ACTIVITY:
Produce a word-for-word copy of the listing below without its pictures.

EXERCISE DATA:

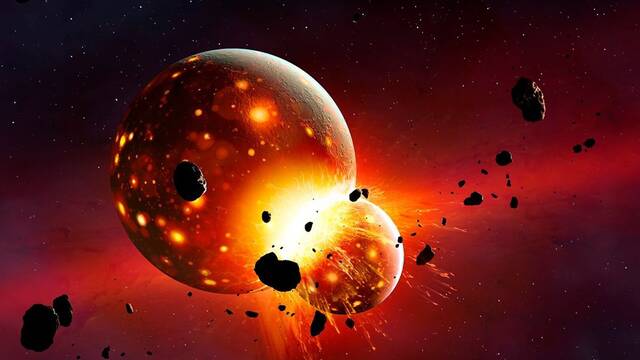 El colosal impacto csmico que cambi la Tierra para siempre y form la Luna: 'Dio origen a la vida'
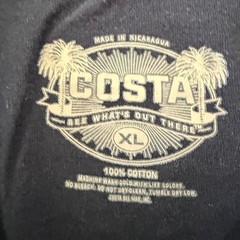Costa Del Mar Men’s XL Graphic T-Shirt 2 Pack Bundle Gray Navy Fishing Surf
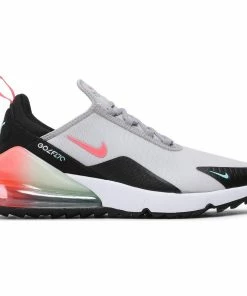 Nike Air Max 270 G Spikeless Golf Shoe - Grey/Black/Multi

SOLUTION:
 El colosal impacto csmico que cambi la Tierra para siempre y form la Luna: 'Dio origen a la vida'
Costa Del Mar Men’s XL Graphic T-Shirt 2 Pack Bundle Gray Navy Fishing Surf
 Nike Air Max 270 G Spikeless Golf Shoe - Grey/Black/Multi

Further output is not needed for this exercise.